Días de visita en el golfo naupactiano, años ha, en un viaje memorable a Grecia, con el padre Venancio Marcos y con Mariano González Aboin, corresponsal en Londres de Radio Nacional de España, agitaban en mi mente pensamientos y recuerdos, que me llenaban el alma, rememorados allí, en aquel hoy de la continuidad, los aconteceres sugeridos por la vetusta armadura, que, en Lepanto, había conocido la victoria de la cristiandad.
Hacía reviviscencia también del famoso, sobre toda ponderación, Manco de Lepanto, don Miguel de Cervantes Saavedra, el autor de la obra cumbre quizá de las Letras Españolas, Historia del Ingenioso Hidalgo Don Quijote de la Mancha, el libro que, juntamente con la Biblia, más ediciones cosechó en el mundo, siendo traducido a todos los idiomas y lenguas conocidos.
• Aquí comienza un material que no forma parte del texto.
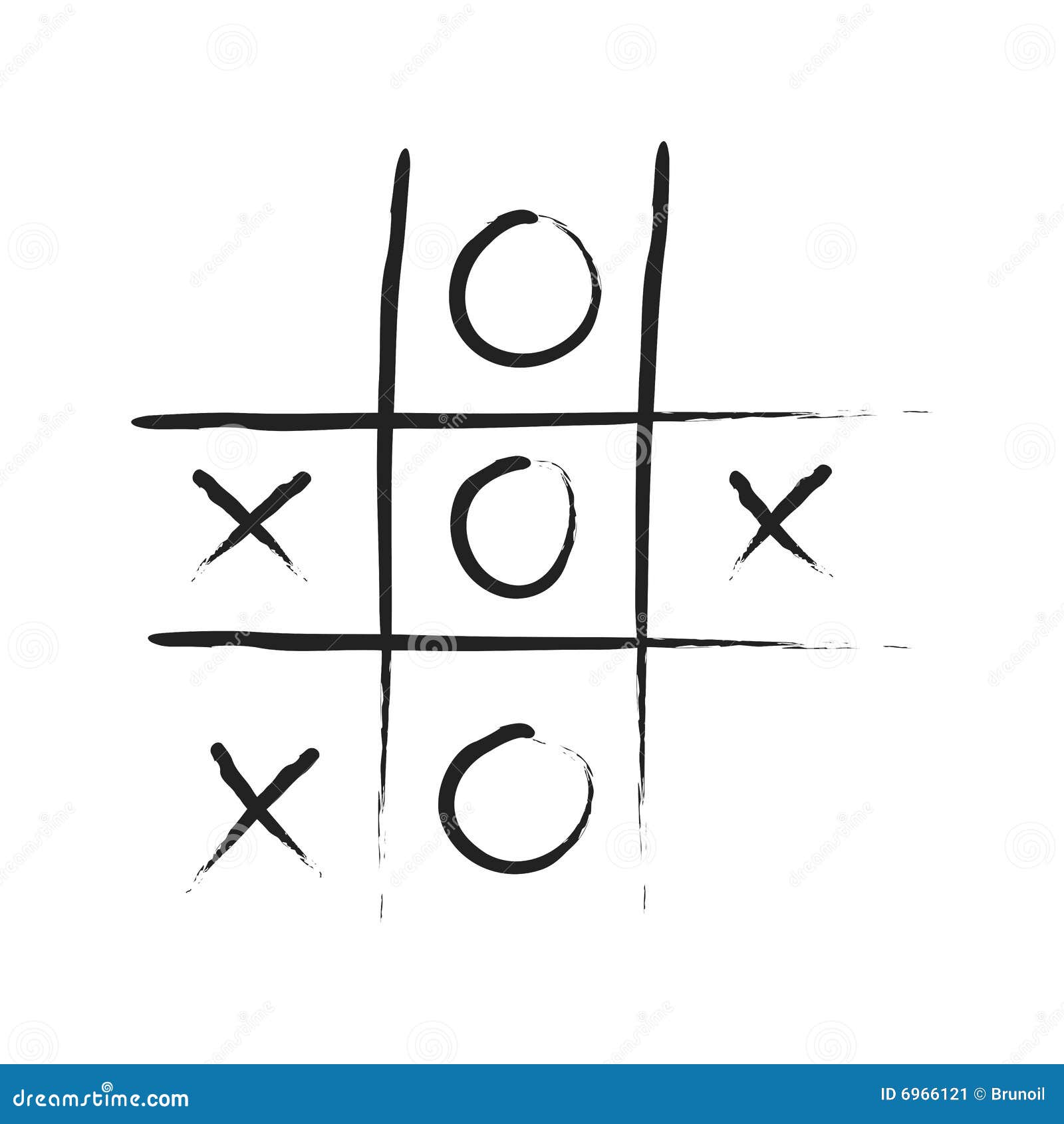 Tic tac toe esboço desenhado à mão tic tac toe jogo para crianças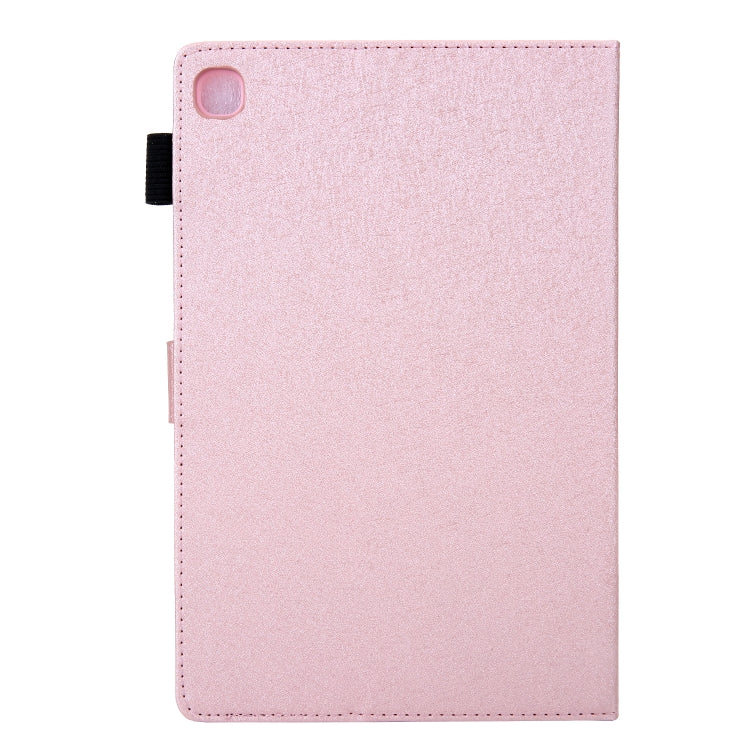 Hair Silky Texture Solid Color Horizontal Flip Leather Case with Holder & Card Slots & Photo Frame & Anti-Skid Strip For Samsung Galaxy Tab A 10.1 (2019) T510 / T515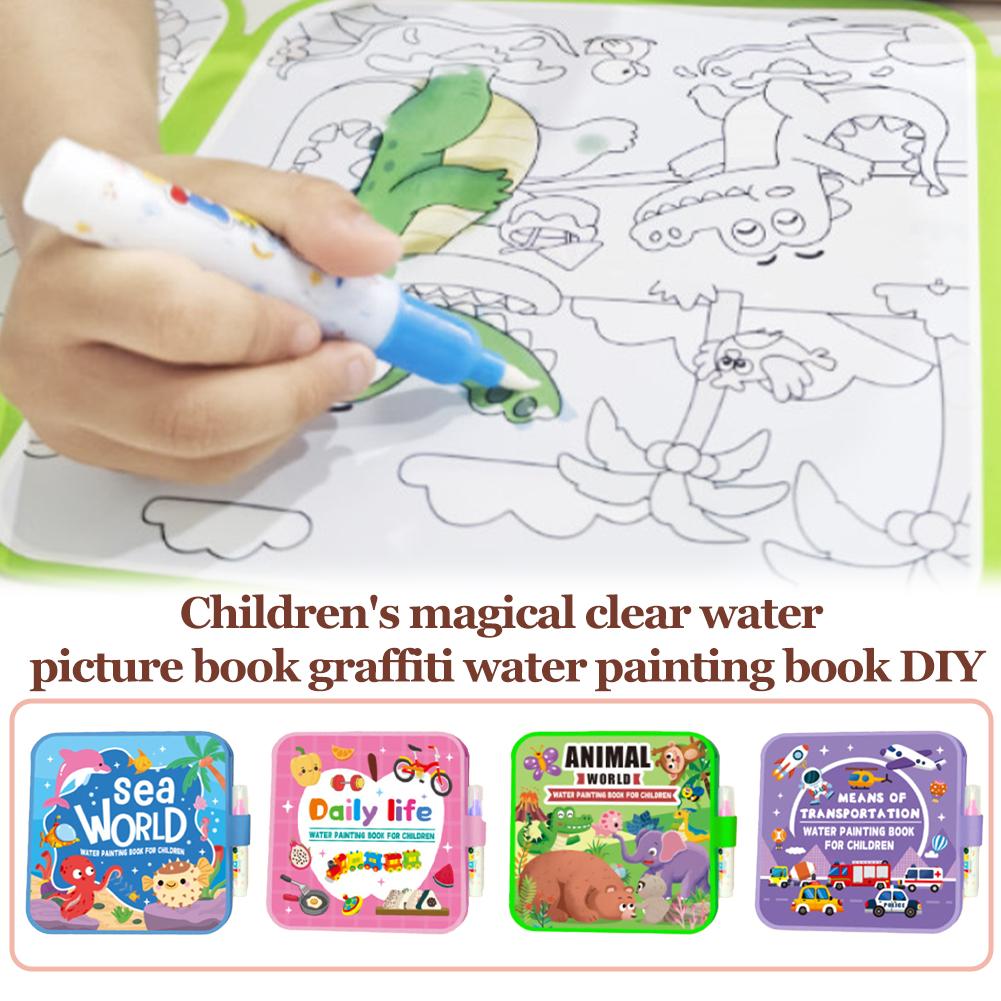 Foldable Water Painting Book F - Reusable Water Magic Coloring Book review and price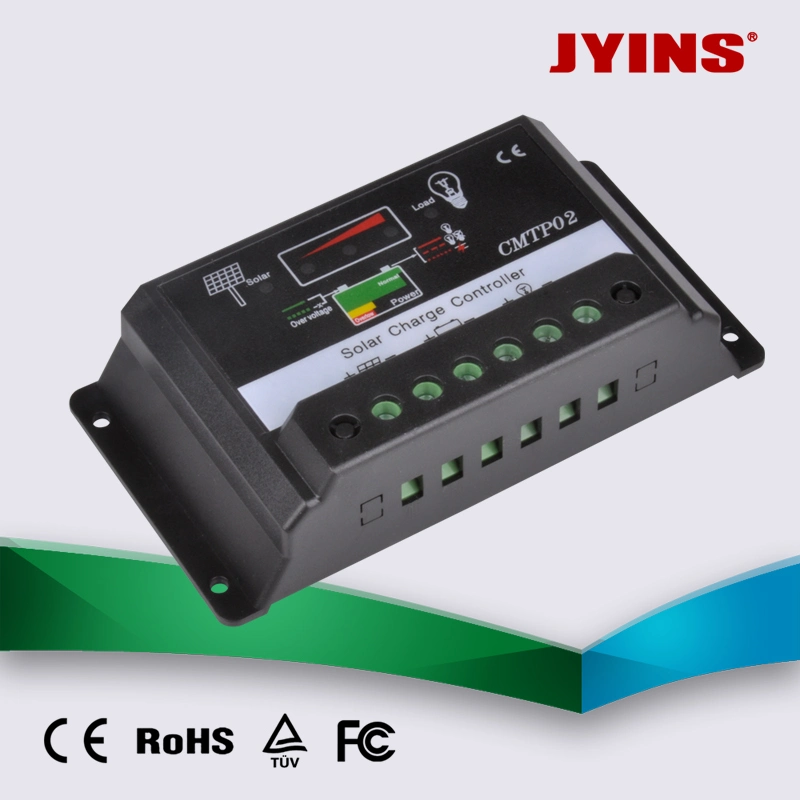 12V 24V 5A/10A/15A/20A/30PWM Manual automática de un controlador de carga solar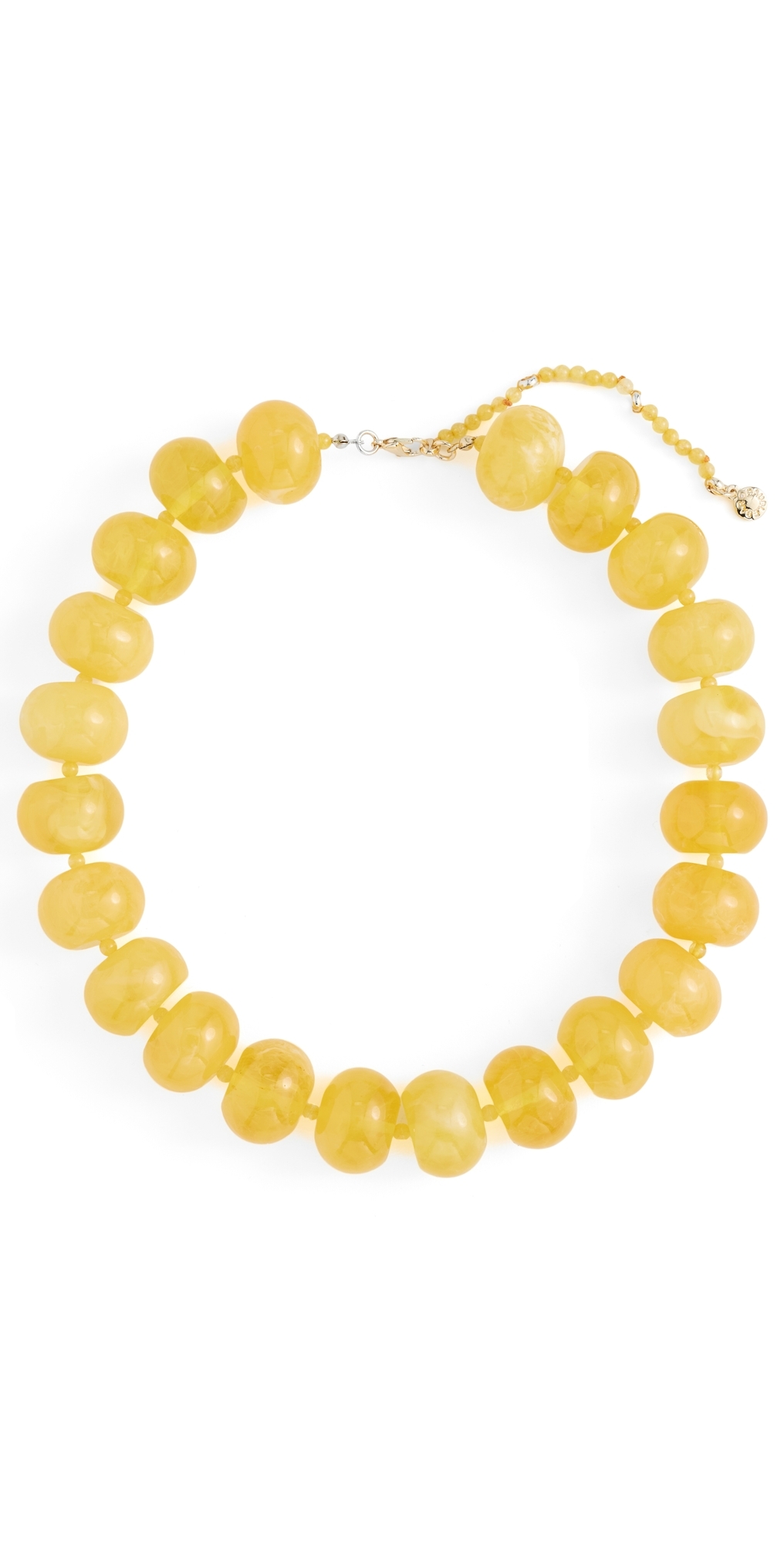 Joan Semi-Precious Necklace Yellow One Size
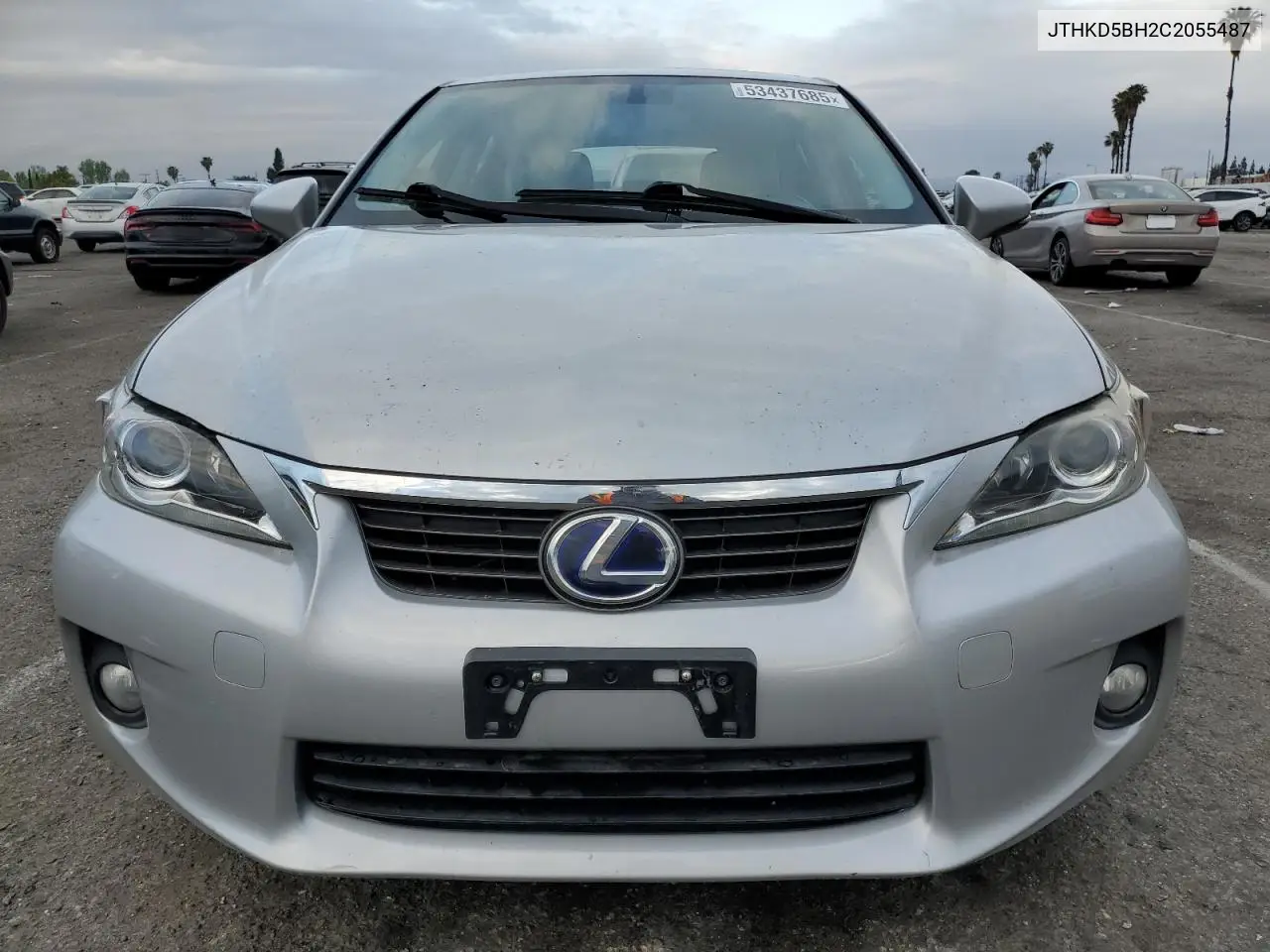 2012 Lexus Ct 200 VIN: JTHKD5BH2C2055487 Lot: 53437685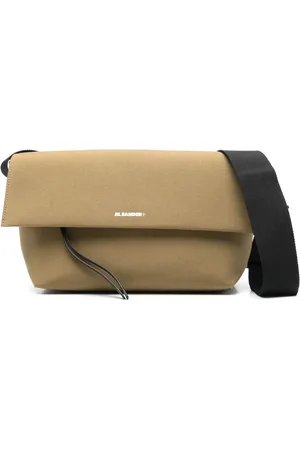Jil Sander Borsa messenger con stampa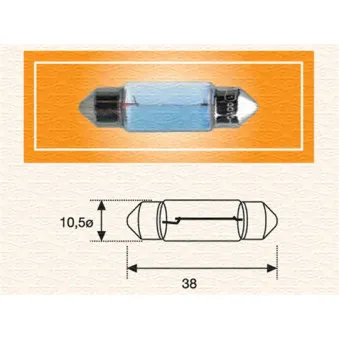 Ampoule, feu éclaireur de plaque MAGNETI MARELLI 009418100000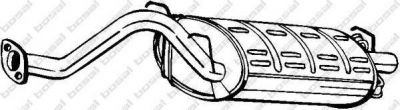 BOSAL Глушитель HONDA CIVIC 1.6 95-98 (18030-ST3-E61, 163-351)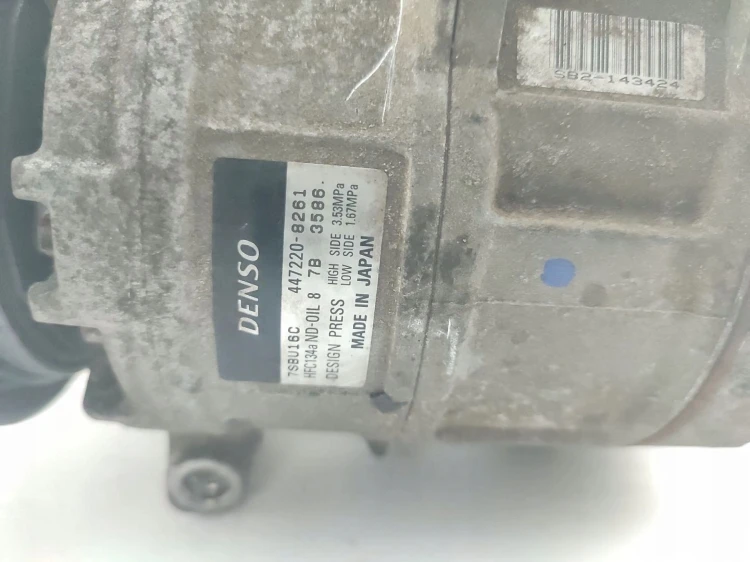 SPRĘŻARKA KLIMATYZACJI PORSCHE BOXSTER S 986 (2000-2004) 3.2 252KM 447220-8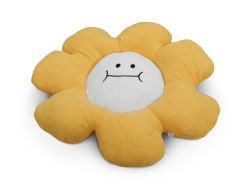 Large Flower Cushion Yellow 80cm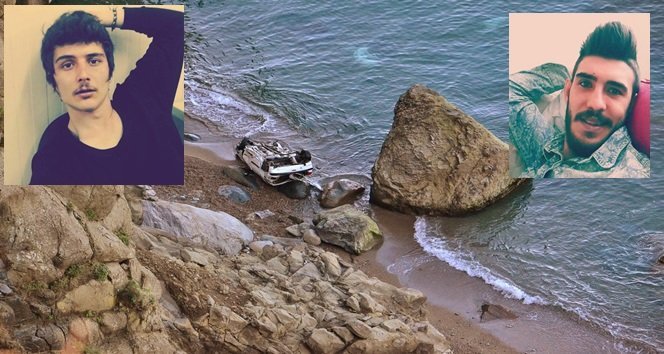 TÜRKALİ’DE OTOMOBİLİYLE 150 METREDEN ÖLÜME UÇTU (GÖRÜNTÜLÜ)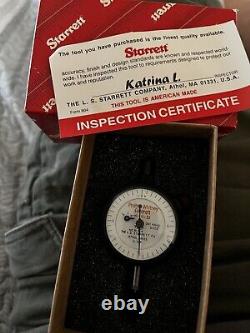 Starrett dial indicator's. 0001 and. 0005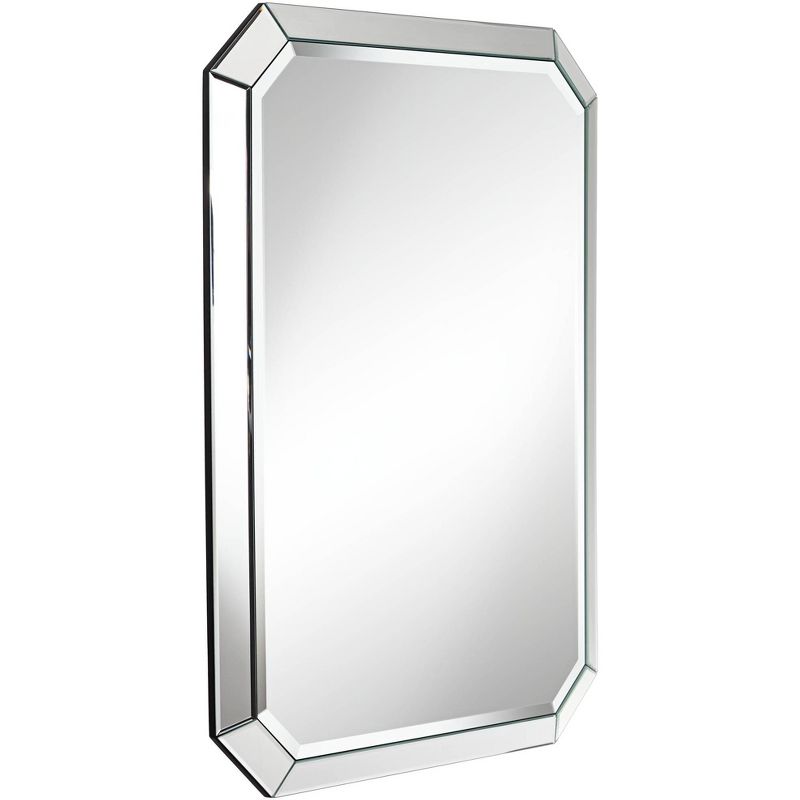 Noble Park Bevel Mirror Edge 28" x 40" Rectangular Wall Mirror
Una de las ediciones más buscadas es la que fue publicada en latín macarrónico por el clérigo gallego, don Manuel Calvo, “cura de misa y olla”, según él mismo se confiesa en la portada de sus ediciones de la Historia Domini Quixoti Manchegui, per Emmanuelem Calvum, del que, por azares diversos, paran, en mi personal librería, sendos ejemplares de las dos ediciones, que conoció tan inusual traducción.
Ya ves cuál los exvotos de los santuarios pueden ser testigos de sucesos y circunstancias las más inesperadas, como ésta del soldado y su armadura, que un día vivió la gesta de la Batalla de Lepanto y que tuvo recuerdo tan entrañable para su “Santina del alma”, la Virgen de Arbazal, depositando ante ella su armadura en aquella memorable batalla.